One of the more interesting business books available this summer is Roadside MBA: Backroads Lessons for Executives, Entrepreneurs, and Small Business Owners. Written by three economists, it’s a rather corny look at various concepts you’d learn in business school, like barriers to entry, and economies of scale. What’s redeeming about it is that the authors went out and created case studies about dozens of small- and medium-sized businesses that you’ve never heard of. From Arnold Tool in Council Bluffs, Iowa to Key Fire Hose in Dothan, Alabama, most small business owners have a compelling story to tell.
These stories are fresh. Unfortunately in a lot of business literature, many stories, while interesting at one point, have ripened too much over time. Read enough big idea books and articles, and you'll notice the same examples are used over and over again. There are acceptable reasons for this, but still, here are a few case studies that smart authors should stop using:
Management theorists love the idea of employee autonomy. Let your team members do what they want, and they’ll come up with genius concepts, Google’s policy of letting engineers work on what they want for one day a week fits beautifully into that idea, and so has been written about a lot. Unfortunately, rumors have been reported that Google is drifting away from this.
Google officials have downplayed the rumors. But as companies become bigger, protecting time for deep work becomes harder as meetings parasitically creep across schedules. A more interesting case study might be how a company fights bureaucratic bloat while transitioning from startup to behemoth.
There’s something in the American narrative that celebrates pulling success out of failure. The Post-it Note case study fits this narrative. Decades ago, a 3M researcher came up with an adhesive that no one knew what to do with. In a eureka moment, another researcher realized the adhesive, attached to paper, could solve the problem of marking his place in his hymnal. Add a little experimentation and consumer testing, and then you’ve got a blockbuster product on your hands known as the Post-it Note.

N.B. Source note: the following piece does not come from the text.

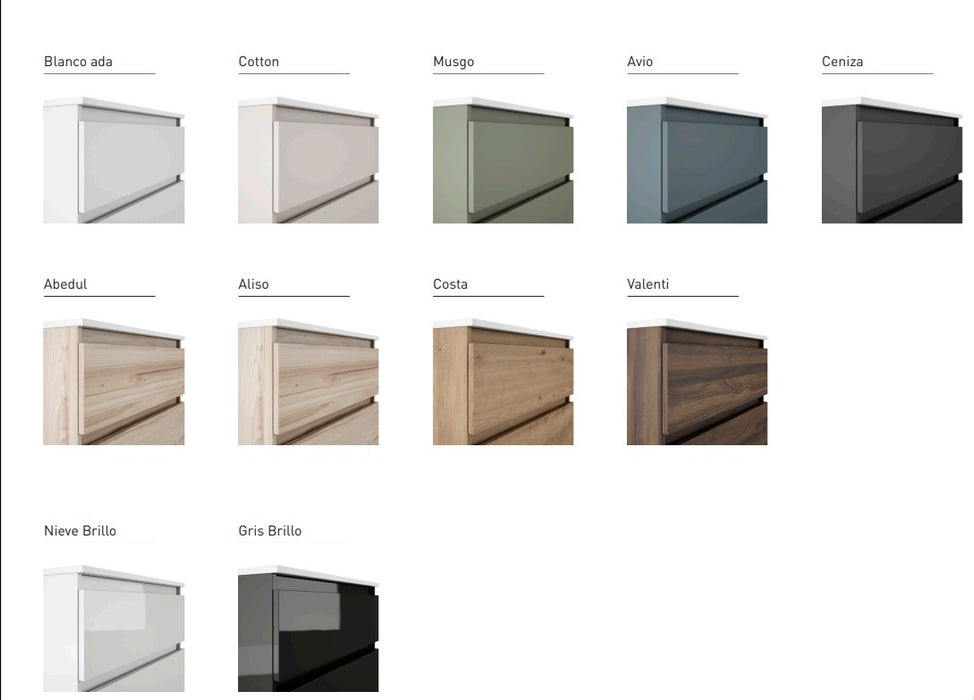 VISOBATH BOX Mueble Fondo Reducido 3 Cajones Color Blanco Ada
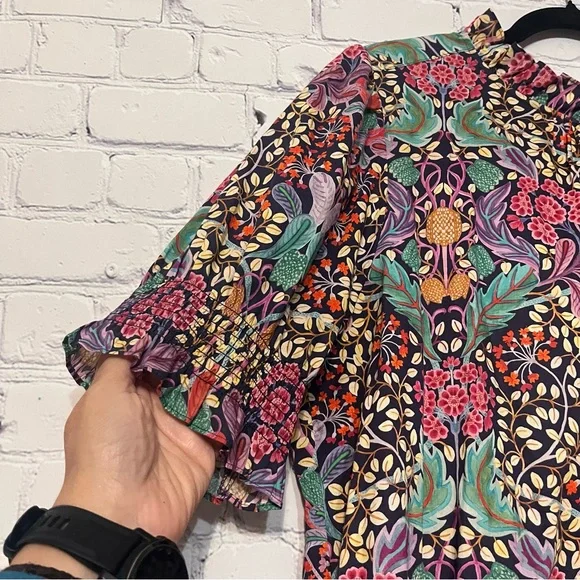 J. Crew Puff-sleeve Top in Liberty Elm House Floral Woman’s Size XL 100% Cotton - Picture 3 of 11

The actual story is a bit more complicated. Refer to Frank Partnoy’s Wait: The Art and Science of Delay for the extended version. In any case, past versions of this tale have been overused. Success is seldom truly serendipitous.
Many people have had horrible experiences with customer service, which is why we love stories of organizations that do it well. Some of these may be apocryphal, like the tale of Nordstrom allowing a customer to return a tire even though it doesn’t sell tires, as reported by urban legends website Snopes.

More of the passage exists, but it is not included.